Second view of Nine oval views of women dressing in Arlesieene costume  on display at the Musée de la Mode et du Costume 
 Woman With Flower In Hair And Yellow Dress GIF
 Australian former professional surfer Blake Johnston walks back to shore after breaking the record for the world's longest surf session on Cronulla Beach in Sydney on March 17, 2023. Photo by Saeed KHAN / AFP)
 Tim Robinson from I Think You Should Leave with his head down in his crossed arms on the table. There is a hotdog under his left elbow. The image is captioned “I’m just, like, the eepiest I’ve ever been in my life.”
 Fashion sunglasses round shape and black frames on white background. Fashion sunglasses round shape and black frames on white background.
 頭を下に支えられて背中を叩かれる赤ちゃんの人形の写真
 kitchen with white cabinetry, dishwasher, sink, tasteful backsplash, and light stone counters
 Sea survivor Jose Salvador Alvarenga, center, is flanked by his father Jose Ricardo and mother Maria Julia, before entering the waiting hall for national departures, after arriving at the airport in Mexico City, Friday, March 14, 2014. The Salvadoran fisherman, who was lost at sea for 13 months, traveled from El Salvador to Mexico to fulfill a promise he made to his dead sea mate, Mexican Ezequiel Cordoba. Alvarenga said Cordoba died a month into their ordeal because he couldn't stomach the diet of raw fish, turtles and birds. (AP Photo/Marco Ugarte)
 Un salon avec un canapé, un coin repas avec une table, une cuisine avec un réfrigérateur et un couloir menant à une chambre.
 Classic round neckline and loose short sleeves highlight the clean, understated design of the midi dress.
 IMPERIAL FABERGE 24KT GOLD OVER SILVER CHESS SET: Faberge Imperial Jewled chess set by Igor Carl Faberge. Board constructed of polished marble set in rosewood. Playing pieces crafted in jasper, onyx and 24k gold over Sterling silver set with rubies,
---------------
- Task brief
What you should produce is an exact retyping of every line above.

- Answer section
Second view of Nine oval views of women dressing in Arlesieene costume  on display at the Musée de la Mode et du Costume 
 Woman With Flower In Hair And Yellow Dress GIF
 Australian former professional surfer Blake Johnston walks back to shore after breaking the record for the world's longest surf session on Cronulla Beach in Sydney on March 17, 2023. Photo by Saeed KHAN / AFP)
 Tim Robinson from I Think You Should Leave with his head down in his crossed arms on the table. There is a hotdog under his left elbow. The image is captioned “I’m just, like, the eepiest I’ve ever been in my life.”
 Fashion sunglasses round shape and black frames on white background. Fashion sunglasses round shape and black frames on white background.
 頭を下に支えられて背中を叩かれる赤ちゃんの人形の写真
 kitchen with white cabinetry, dishwasher, sink, tasteful backsplash, and light stone counters
 Sea survivor Jose Salvador Alvarenga, center, is flanked by his father Jose Ricardo and mother Maria Julia, before entering the waiting hall for national departures, after arriving at the airport in Mexico City, Friday, March 14, 2014. The Salvadoran fisherman, who was lost at sea for 13 months, traveled from El Salvador to Mexico to fulfill a promise he made to his dead sea mate, Mexican Ezequiel Cordoba. Alvarenga said Cordoba died a month into their ordeal because he couldn't stomach the diet of raw fish, turtles and birds. (AP Photo/Marco Ugarte)
 Un salon avec un canapé, un coin repas avec une table, une cuisine avec un réfrigérateur et un couloir menant à une chambre.
 Classic round neckline and loose short sleeves highlight the clean, understated design of the midi dress.
 IMPERIAL FABERGE 24KT GOLD OVER SILVER CHESS SET: Faberge Imperial Jewled chess set by Igor Carl Faberge. Board constructed of polished marble set in rosewood. Playing pieces crafted in jasper, onyx and 24k gold over Sterling silver set with rubies,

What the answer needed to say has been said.